The first full-length history of college teaching in the United States
from the nineteenth century to the present, this book sheds new light on
the ongoing tension between the modern scholarly ideal--scientific,
objective, and dispassionate--and the inevitably subjective nature of
day-to-day instruction.
American college teaching is in crisis, or so we are told. But we've
heard that complaint for the past 150 years, as critics have denounced
the poor quality of instruction in undergraduate classrooms. Students
daydream in gigantic lecture halls while a professor drones on, or they
meet with a teaching assistant for an hour of aimless discussion. The
modern university does not reward teaching, so faculty members at every
level neglect it in favor of research and publication.

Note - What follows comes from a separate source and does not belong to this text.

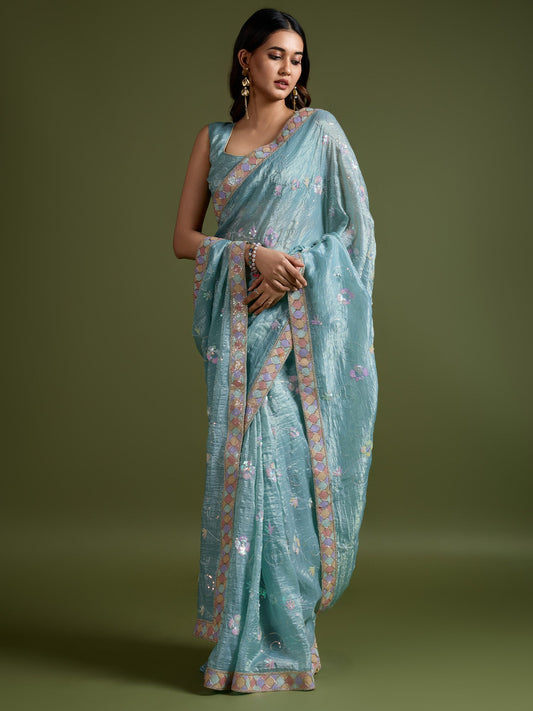Sky Blue Organza Embroidered Saree with Blouse - Ressa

In the first book-length history of American college teaching, Jonathan
Zimmerman confirms but also contradicts these perennial complaints.

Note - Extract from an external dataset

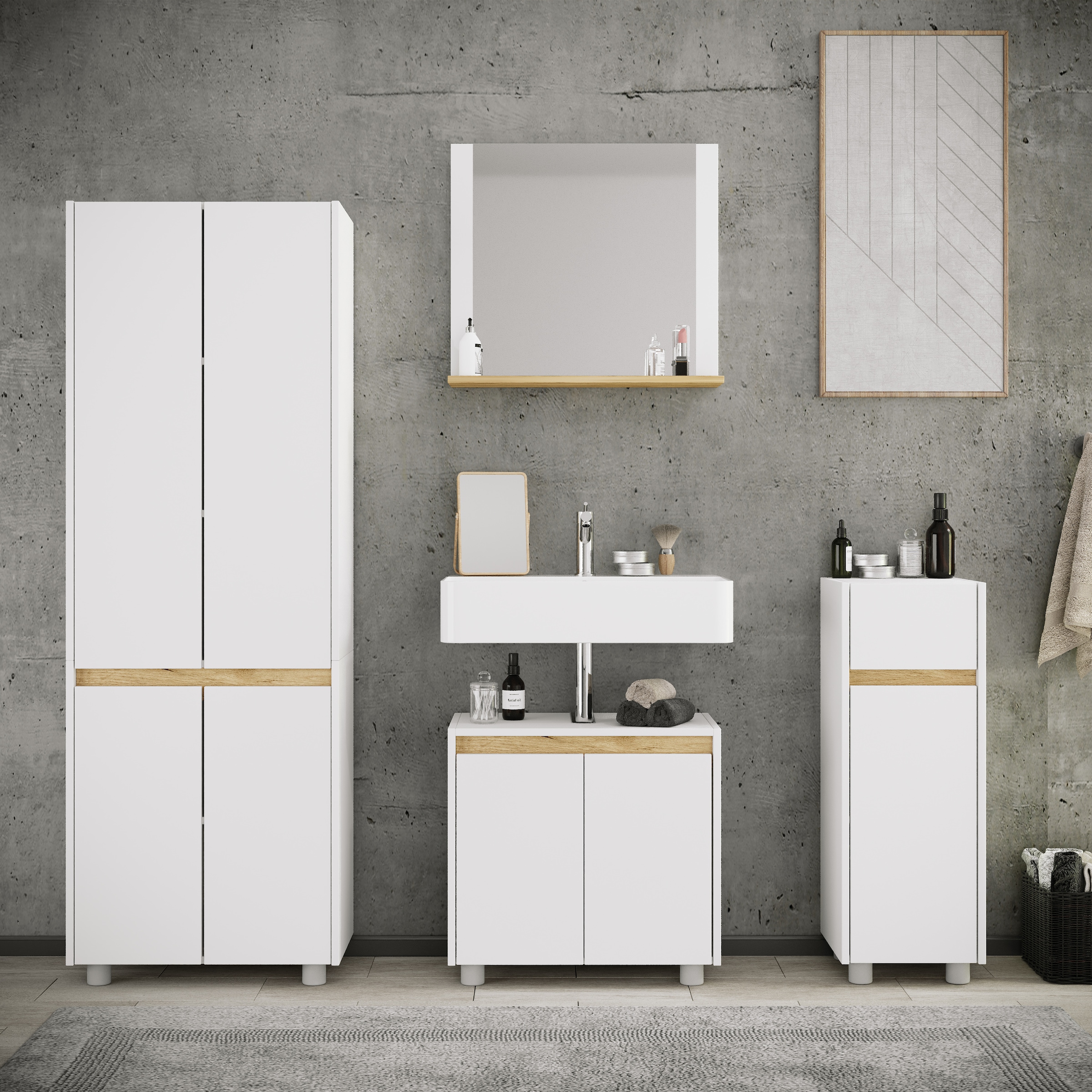 VCM Badmöbel-Set »4-tlg. Badmöbel Set Komplett Badschrank Cosila  L« 4 Stk. tlg.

Drawing upon a wide range of previously unexamined sources, The Amateur
Hour shows how generations of undergraduates indicted the weak
instruction they received. But Zimmerman also chronicles institutional
efforts to improve it, especially by making teaching more "personal." As
higher education grew into a gigantic industry, he writes, American
colleges and universities introduced small-group activities and other
reforms designed to counter the anonymity of mass instruction. They also
experimented with new technologies like television and computers, which
promised to "personalize" teaching by tailoring it to the individual
interests and abilities of each student.
But, Zimmerman reveals, the emphasis on the personal inhibited the
professionalization of college teaching, which remains, ultimately, an
amateur enterprise. The more that Americans treated teaching as a highly
personal endeavor, dependent on the idiosyncrasies of the instructor,
the less they could develop shared standards for it. Nor have they
rigorously documented college instruction, a highly public activity
which has taken place mostly in private. Pushing open the classroom
door, The Amateur Hour illuminates American college teaching and
frames a fresh case for restoring intimate learning communities,
especially for America's least privileged students. Anyone who wants to
change college teaching will have to start here.